▶ [Task to complete]:
Restate the records in full, so that each line matches the original exactly.

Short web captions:
++++

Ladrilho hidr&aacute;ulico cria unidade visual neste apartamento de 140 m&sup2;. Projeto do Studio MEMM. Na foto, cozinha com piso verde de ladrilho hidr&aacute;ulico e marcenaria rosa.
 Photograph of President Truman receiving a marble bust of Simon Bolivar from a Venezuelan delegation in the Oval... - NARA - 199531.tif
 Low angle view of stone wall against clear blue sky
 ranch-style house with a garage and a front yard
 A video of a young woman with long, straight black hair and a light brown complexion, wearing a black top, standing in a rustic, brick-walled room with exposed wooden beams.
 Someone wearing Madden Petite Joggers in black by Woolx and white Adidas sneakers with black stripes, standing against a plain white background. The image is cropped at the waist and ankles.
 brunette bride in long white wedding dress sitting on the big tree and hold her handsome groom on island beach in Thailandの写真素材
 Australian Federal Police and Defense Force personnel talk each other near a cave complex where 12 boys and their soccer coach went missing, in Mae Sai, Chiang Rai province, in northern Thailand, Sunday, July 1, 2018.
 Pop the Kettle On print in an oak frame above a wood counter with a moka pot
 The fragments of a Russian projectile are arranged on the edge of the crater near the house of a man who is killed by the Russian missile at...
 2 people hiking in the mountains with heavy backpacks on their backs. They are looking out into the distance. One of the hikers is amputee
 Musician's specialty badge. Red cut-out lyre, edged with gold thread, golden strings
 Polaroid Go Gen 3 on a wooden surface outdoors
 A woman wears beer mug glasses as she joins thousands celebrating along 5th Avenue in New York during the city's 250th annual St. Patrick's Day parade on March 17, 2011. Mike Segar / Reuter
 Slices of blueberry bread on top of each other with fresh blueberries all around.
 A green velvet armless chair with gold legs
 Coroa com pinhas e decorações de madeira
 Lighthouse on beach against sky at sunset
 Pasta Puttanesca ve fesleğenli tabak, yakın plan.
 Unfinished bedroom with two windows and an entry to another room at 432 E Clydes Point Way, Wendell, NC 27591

++++

▶ [Response area]:
Ladrilho hidr&aacute;ulico cria unidade visual neste apartamento de 140 m&sup2;. Projeto do Studio MEMM. Na foto, cozinha com piso verde de ladrilho hidr&aacute;ulico e marcenaria rosa.
 Photograph of President Truman receiving a marble bust of Simon Bolivar from a Venezuelan delegation in the Oval... - NARA - 199531.tif
 Low angle view of stone wall against clear blue sky
 ranch-style house with a garage and a front yard
 A video of a young woman with long, straight black hair and a light brown complexion, wearing a black top, standing in a rustic, brick-walled room with exposed wooden beams.
 Someone wearing Madden Petite Joggers in black by Woolx and white Adidas sneakers with black stripes, standing against a plain white background. The image is cropped at the waist and ankles.
 brunette bride in long white wedding dress sitting on the big tree and hold her handsome groom on island beach in Thailandの写真素材
 Australian Federal Police and Defense Force personnel talk each other near a cave complex where 12 boys and their soccer coach went missing, in Mae Sai, Chiang Rai province, in northern Thailand, Sunday, July 1, 2018.
 Pop the Kettle On print in an oak frame above a wood counter with a moka pot
 The fragments of a Russian projectile are arranged on the edge of the crater near the house of a man who is killed by the Russian missile at...
 2 people hiking in the mountains with heavy backpacks on their backs. They are looking out into the distance. One of the hikers is amputee
 Musician's specialty badge. Red cut-out lyre, edged with gold thread, golden strings
 Polaroid Go Gen 3 on a wooden surface outdoors
 A woman wears beer mug glasses as she joins thousands celebrating along 5th Avenue in New York during the city's 250th annual St. Patrick's Day parade on March 17, 2011. Mike Segar / Reuter
 Slices of blueberry bread on top of each other with fresh blueberries all around.
 A green velvet armless chair with gold legs
 Coroa com pinhas e decorações de madeira
 Lighthouse on beach against sky at sunset
 Pasta Puttanesca ve fesleğenli tabak, yakın plan.
 Unfinished bedroom with two windows and an entry to another room at 432 E Clydes Point Way, Wendell, NC 27591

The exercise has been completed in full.